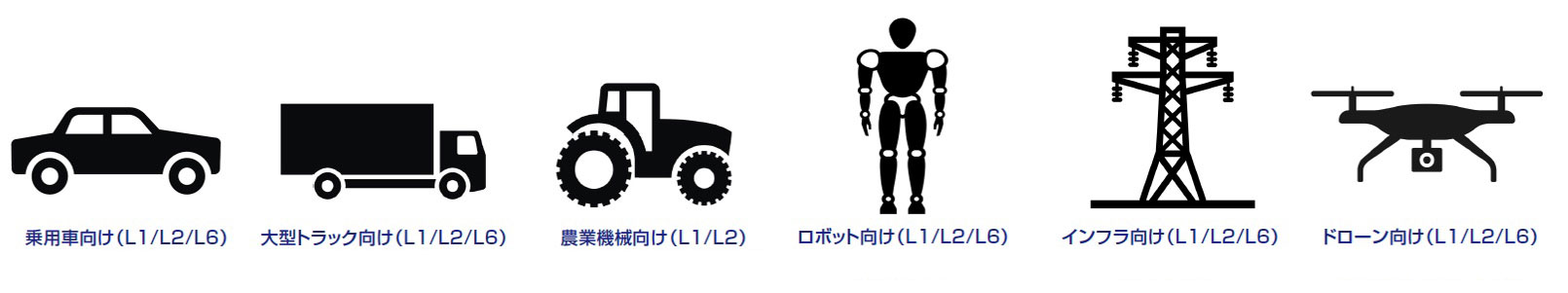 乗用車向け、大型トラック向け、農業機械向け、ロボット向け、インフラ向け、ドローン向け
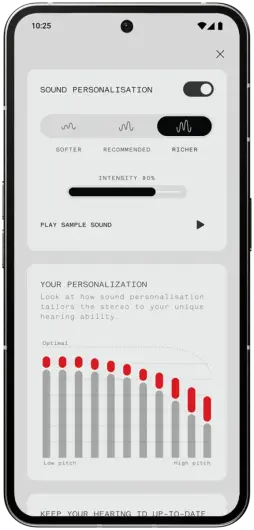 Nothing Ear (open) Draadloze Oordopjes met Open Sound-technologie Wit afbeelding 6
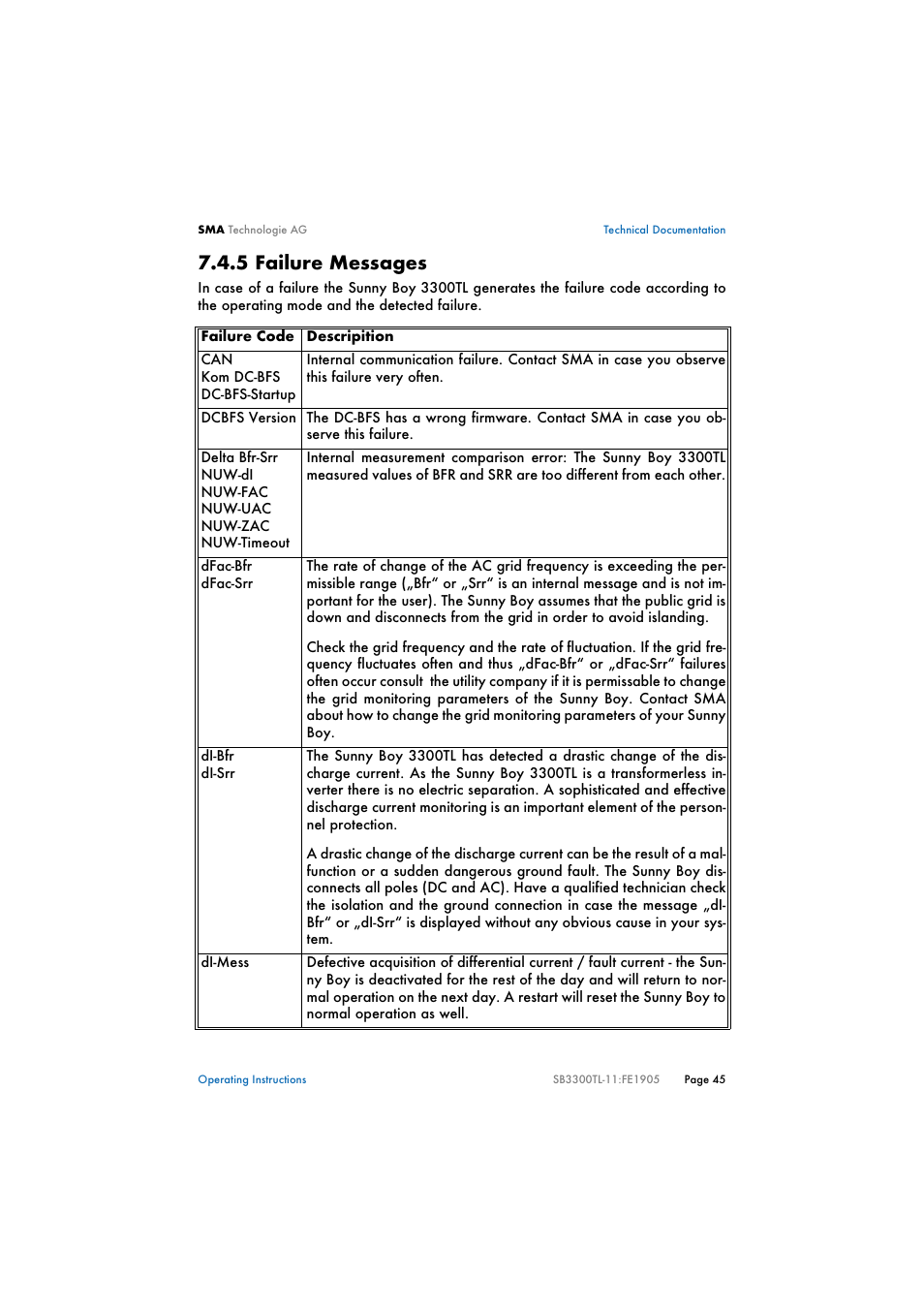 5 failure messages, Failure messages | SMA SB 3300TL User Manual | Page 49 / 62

——

### Exercise requirements
Everything from the line containing "Nothing Ear (open)" through the end of the data should be printed exactly, line for line, except the pictures.

### Answer to the exercise
 Nothing Ear (open) Draadloze Oordopjes met Open Sound-technologie Wit afbeelding 6
 5 failure messages, Failure messages | SMA SB 3300TL User Manual | Page 49 / 62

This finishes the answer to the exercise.